Boeing finally gave the union its first complete offer Sept. 13, just a week ahead of the deadline for sending out mail-in ballots before the contract expired. The company expected to make further concessions before the vote.

But Goforth interpreted new language that Boeing inserted into the proposed contract as a threat to union rights. Dismissing the entire offer out of hand, he slammed the door on further talks until his members had voted on it.

To the chagrin of Boeing management, an offer it hadn’t intended to be voted on was defeated in a landslide.

Personality conflict

In a mid-August session at the Longacres headquarters of Boeing Commercial Airplanes, Goforth grew impatient with a long exposition by Boeing’s negotiators laying out the business environment the company faces.

Boeing vice president Delaney recalls Goforth saying: “We don’t appreciate the Boeing lecture series. We don’t have to like each other. We don’t need a relationship. Just give us an offer.”

Delaney took offense, and says the Boeing team turned the lead in negotiations over to labor-relations staff from corporate headquarters in Chicago.

Goforth recalls an exchange of that nature. But he said the Boeing vice president shouldn’t personalize the issues.

He’d like to find an agreement that satisfies both sides, said Goforth, “but you don’t unilaterally disarm.”

Certainly, when he perceives management as stonewalling, Goforth can play hardball.

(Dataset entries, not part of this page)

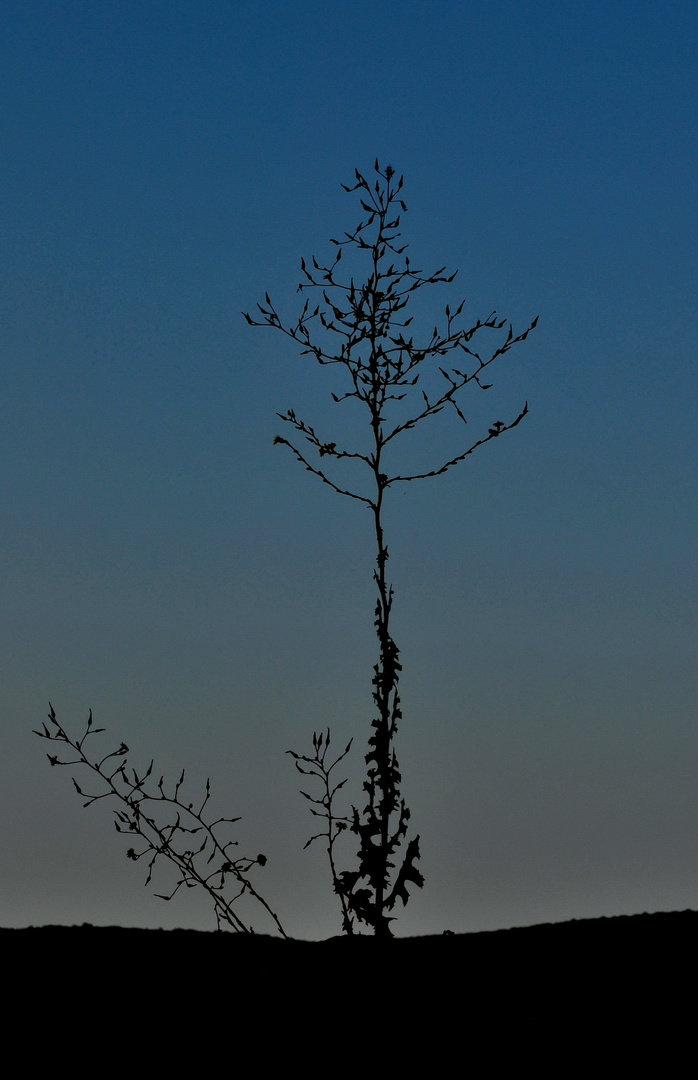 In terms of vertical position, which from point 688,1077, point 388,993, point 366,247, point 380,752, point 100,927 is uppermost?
point 366,247

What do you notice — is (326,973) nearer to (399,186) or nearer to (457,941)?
(457,941)

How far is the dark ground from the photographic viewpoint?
563 cm

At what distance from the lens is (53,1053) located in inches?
220

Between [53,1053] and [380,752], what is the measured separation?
93.5 inches

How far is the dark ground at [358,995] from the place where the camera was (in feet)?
18.5

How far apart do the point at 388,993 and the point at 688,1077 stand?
1.61m

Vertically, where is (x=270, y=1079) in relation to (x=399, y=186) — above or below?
below

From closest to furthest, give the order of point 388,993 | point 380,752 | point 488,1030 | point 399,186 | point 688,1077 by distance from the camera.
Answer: point 688,1077, point 488,1030, point 388,993, point 380,752, point 399,186

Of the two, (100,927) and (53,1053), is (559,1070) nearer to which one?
(53,1053)

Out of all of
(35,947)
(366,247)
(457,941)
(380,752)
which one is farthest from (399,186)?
(35,947)

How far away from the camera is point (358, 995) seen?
6195mm

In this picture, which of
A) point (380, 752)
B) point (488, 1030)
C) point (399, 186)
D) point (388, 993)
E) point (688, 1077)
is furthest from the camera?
point (399, 186)

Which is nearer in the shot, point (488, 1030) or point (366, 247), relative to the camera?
point (488, 1030)

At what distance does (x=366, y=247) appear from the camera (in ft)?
24.8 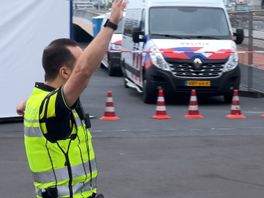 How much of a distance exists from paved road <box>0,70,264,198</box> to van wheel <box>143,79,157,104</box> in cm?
60

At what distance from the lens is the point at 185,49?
16.8 metres

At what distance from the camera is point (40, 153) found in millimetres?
3768

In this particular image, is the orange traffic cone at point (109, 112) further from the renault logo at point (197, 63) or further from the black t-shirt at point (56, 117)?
the black t-shirt at point (56, 117)

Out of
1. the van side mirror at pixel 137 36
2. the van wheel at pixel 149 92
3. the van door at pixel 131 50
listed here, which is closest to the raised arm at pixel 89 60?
the van wheel at pixel 149 92

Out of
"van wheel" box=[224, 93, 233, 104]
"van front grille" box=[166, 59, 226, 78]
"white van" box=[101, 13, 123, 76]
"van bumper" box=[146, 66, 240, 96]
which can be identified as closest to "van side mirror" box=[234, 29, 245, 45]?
"van bumper" box=[146, 66, 240, 96]

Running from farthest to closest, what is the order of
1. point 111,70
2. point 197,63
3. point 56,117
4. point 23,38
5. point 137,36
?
1. point 111,70
2. point 137,36
3. point 197,63
4. point 23,38
5. point 56,117

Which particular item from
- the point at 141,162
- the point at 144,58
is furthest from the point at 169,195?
the point at 144,58

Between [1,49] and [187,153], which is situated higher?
[1,49]

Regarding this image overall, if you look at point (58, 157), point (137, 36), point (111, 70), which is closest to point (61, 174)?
point (58, 157)

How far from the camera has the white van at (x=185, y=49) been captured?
16797 millimetres

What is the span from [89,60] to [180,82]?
1326 centimetres

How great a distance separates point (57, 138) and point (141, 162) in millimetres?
6439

Last year, when SPEEA was in protracted contract talks with Boeing supplier Spirit Aerosystems in Wichita, Kan., Goforth threatened to mount a picket line to stop the trains coming out of Spirit that primarily deliver 737 fuselages to Renton.

Blocking them could have shut down production in Boeing’s Puget Sound factories, directly affecting his members here.

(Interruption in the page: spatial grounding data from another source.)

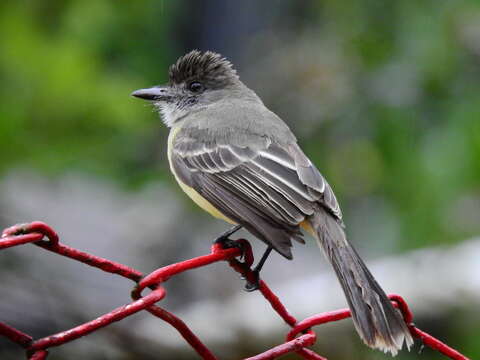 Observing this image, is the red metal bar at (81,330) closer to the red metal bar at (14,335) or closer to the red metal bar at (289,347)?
the red metal bar at (14,335)

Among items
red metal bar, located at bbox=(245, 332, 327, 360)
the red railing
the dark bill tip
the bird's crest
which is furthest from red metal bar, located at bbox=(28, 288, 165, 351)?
the bird's crest

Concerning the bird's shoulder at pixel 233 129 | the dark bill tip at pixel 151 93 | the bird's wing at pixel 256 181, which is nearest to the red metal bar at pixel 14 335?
the bird's wing at pixel 256 181

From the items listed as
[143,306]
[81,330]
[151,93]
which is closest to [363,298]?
[143,306]

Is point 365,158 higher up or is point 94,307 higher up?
point 365,158

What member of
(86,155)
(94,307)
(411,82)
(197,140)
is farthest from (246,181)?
(411,82)

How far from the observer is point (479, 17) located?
5352 mm

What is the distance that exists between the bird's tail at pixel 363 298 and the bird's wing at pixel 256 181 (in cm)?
13

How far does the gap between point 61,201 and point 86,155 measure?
1271 millimetres

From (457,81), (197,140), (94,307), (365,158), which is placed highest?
(457,81)

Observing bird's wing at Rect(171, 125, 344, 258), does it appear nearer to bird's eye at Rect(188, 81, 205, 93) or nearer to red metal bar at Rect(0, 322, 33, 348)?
bird's eye at Rect(188, 81, 205, 93)

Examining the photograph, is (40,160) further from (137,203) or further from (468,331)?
(468,331)

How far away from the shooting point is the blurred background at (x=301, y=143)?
184 inches

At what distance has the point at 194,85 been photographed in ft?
14.1

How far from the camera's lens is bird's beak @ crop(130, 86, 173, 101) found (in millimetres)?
3966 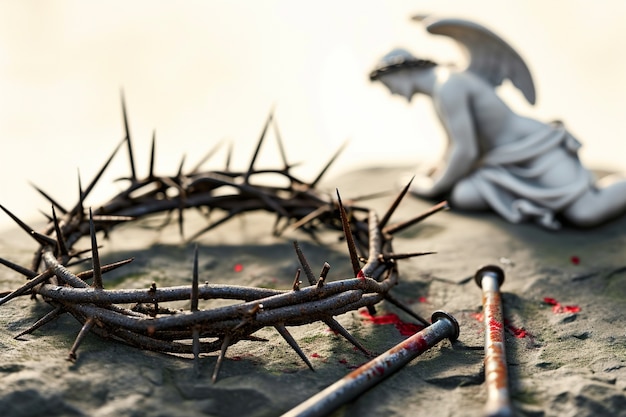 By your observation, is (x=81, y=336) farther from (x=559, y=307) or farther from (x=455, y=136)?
(x=455, y=136)

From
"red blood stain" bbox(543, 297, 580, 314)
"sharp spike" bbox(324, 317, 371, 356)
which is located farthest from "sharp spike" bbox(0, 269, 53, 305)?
"red blood stain" bbox(543, 297, 580, 314)

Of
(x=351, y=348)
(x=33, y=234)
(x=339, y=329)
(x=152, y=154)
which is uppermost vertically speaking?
(x=152, y=154)

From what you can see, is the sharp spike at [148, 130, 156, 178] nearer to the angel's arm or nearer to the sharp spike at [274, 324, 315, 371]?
the sharp spike at [274, 324, 315, 371]

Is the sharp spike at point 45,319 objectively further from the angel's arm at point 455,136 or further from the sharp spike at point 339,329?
the angel's arm at point 455,136

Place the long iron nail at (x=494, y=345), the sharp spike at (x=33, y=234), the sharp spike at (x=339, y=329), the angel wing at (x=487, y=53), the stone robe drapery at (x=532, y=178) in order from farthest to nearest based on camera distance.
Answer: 1. the angel wing at (x=487, y=53)
2. the stone robe drapery at (x=532, y=178)
3. the sharp spike at (x=33, y=234)
4. the sharp spike at (x=339, y=329)
5. the long iron nail at (x=494, y=345)

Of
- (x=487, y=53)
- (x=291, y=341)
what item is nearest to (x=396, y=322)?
(x=291, y=341)

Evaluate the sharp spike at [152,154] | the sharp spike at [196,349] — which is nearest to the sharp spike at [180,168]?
the sharp spike at [152,154]

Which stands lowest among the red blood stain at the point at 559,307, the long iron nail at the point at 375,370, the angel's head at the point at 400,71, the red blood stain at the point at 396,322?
the red blood stain at the point at 559,307

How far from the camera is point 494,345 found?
188 centimetres

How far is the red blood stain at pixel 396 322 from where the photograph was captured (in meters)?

Goforth was willing to pay that price — but Spirit settled first.

In the Boeing contract talks, management sees Goforth’s rhetoric as inflammatory and overreaching.

He told his members Boeing had painted their benefits as too high by using comparative data that included companies such as low-wage, low-benefit Walmart.

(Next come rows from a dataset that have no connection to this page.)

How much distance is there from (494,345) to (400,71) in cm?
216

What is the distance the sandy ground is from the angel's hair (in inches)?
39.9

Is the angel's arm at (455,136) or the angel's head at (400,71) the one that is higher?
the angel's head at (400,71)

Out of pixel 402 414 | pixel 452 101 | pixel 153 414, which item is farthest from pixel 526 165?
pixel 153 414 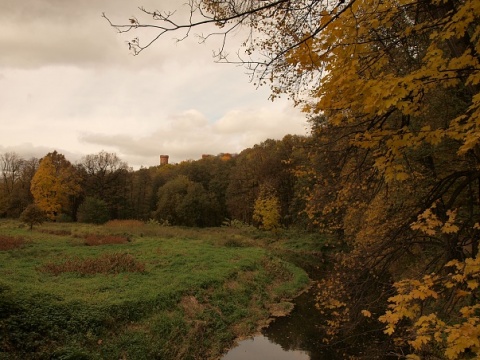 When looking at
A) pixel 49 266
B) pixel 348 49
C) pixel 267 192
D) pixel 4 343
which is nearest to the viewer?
pixel 348 49

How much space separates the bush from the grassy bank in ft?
76.6

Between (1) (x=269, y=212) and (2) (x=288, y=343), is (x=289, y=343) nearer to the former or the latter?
(2) (x=288, y=343)

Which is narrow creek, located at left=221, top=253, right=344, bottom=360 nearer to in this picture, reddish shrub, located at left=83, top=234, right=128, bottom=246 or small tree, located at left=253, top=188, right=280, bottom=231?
reddish shrub, located at left=83, top=234, right=128, bottom=246

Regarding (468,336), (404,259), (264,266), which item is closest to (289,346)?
(404,259)

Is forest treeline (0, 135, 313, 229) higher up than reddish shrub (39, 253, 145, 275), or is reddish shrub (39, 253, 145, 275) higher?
forest treeline (0, 135, 313, 229)

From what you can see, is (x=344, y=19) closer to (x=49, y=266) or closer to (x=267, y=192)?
(x=49, y=266)

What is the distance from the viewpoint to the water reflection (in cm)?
1180

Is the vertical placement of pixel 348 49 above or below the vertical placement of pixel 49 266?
above

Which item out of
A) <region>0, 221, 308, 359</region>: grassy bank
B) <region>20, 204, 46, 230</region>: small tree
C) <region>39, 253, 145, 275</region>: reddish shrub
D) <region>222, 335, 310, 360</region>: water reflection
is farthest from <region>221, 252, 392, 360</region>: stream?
<region>20, 204, 46, 230</region>: small tree

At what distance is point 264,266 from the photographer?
21.7 meters

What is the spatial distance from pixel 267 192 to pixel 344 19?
120 feet

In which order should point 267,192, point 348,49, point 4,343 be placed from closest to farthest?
1. point 348,49
2. point 4,343
3. point 267,192

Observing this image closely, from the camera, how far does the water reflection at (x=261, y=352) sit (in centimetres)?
1180

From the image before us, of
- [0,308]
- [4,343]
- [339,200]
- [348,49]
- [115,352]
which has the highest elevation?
[348,49] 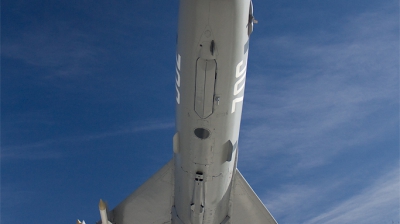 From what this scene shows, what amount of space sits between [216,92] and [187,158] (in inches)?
141

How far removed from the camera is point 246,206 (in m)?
19.6

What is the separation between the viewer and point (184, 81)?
1417 centimetres

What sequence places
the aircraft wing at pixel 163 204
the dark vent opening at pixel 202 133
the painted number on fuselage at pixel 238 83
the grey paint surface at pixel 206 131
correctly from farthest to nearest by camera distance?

Boeing flatly denies using Walmart as a comparison point.

Goforth also accused Boeing of “outsourcing” some 737 MAX work to Boeing’s facility in Long Beach, Calif., even though the corresponding work on the current 737 NG airplane is done by Goodrich, which means the work is being brought in-house for the MAX, the opposite of outsourcing.

Contract possible

But with agreement apparently within reach, the rhetoric has cooled.

In his 10 years at Local 17, where local government workers have limited legal scope to strike, Goforth never led a work stoppage.

SPEEA itself has had just one significant strike, in 2000 — an anomaly that older engineers blame on the cultural shift and the push for cost-cutting that followed the merger with McDonnell Douglas.

This time around, despite all the earlier rhetoric, it looks like Goforth will avoid such a destructive test of wills.

“The strategies we used have now brought us to a place where we’ll have some reasonable negotiations,” Goforth said.